The Westerly Town Council’s approval Wednesday of two potentially expensive ballot questions for the November election — whether to bond $6 million for road and sidewalk projects and $975,000 for an artificial turf field — was not entirely unexpected. If you haven’t been under a rock (or stranded in a pothole) lately, you know all about the sorry condition of a great many of the town’s thoroughfares and the shoddy shape of many of its playing fields. The two expenditures, though, share more differences than just the overall price tag.
The road and sidewalk improvements have been put off since the dastardly winter of 2013-14 exacted its grievous toll. It’s hard to find a heavily traveled road that isn’t pocked with potholes or scarred with uneven pavement. Main Street is an obstacle course, and School, John, Cross and State streets seem like a vast conspiracy perpetrated by the makers of automobile shocks, struts and tires. Work by utility companies has compounded the problems. Just a couple of weeks ago, Town Engineer Paul LeBlanc pleaded for as much money as the council could scrounge, “because that’s how bad the infrastructure is.”
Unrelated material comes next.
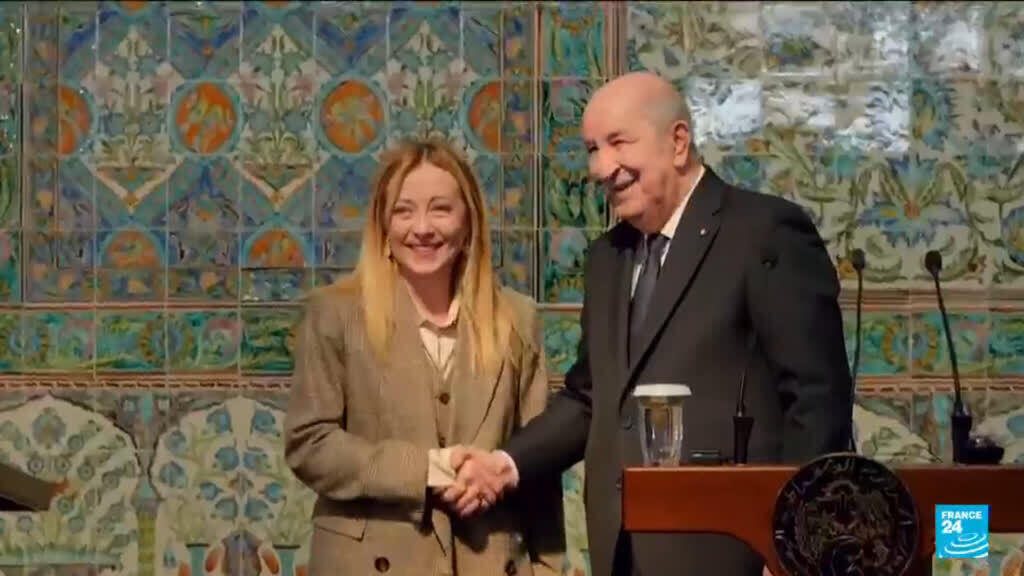 Video thumbnail for Italy's Meloni says to boost cooperation with Algeria on gas deliveries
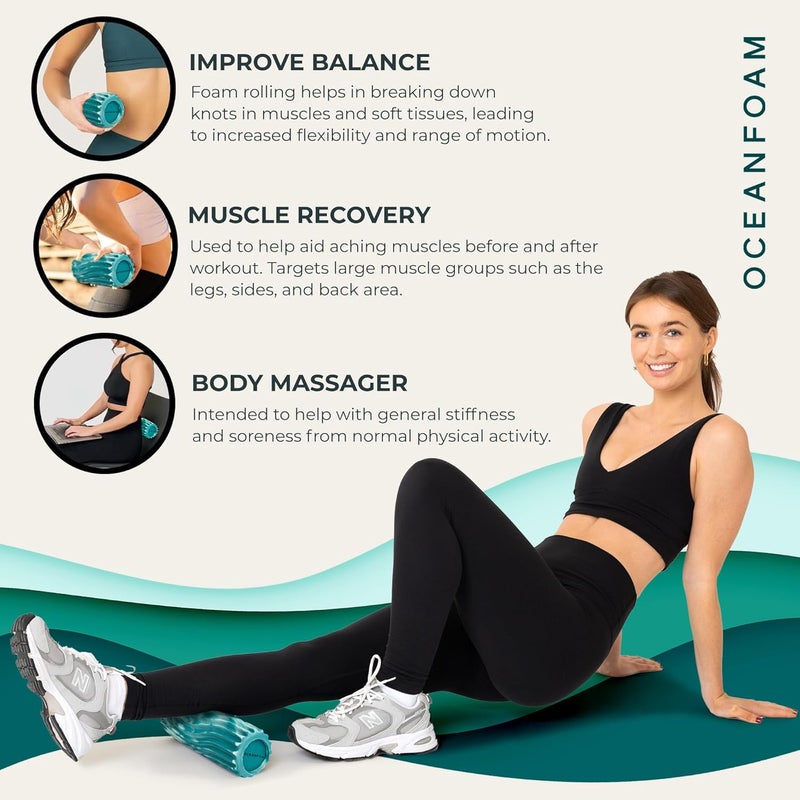 Oceanfoam Ripple Travel Foam Roller (11" x 3.35") Firm Mini Foam Roller for Physical Therapy, Deep Tissue Massage, Back Pain - High Density, Wave Textured - Yoga, Exercise (Jade & Seafoam Marbled) - Image 5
Well, the council delivered. Despite talking earlier this week about bonding $3.5 million for road, sidewalk and drainage repairs, they decided on Wednesday to shoot for the moon and ask for $6 million, arguing that $3.5 million would only serve as a stopgap. Notable among the projects planned is the repair of a century-old drainage culvert underneath High Street that has failed twice recently, most recently on July 4 when a large sinkhole threatened to swallow traffic in front of the post office. Admirably, the council realizes that infrastructure repair is the No. 1 civic need, and they were not afraid to budget for what needs to be done. Notably, outgoing councilor Patricia Douglas asserted during Wednesday’s special meeting that “there is a difference between necessities and frills and these are necessities.” In other words, road repair is a need, and not a want.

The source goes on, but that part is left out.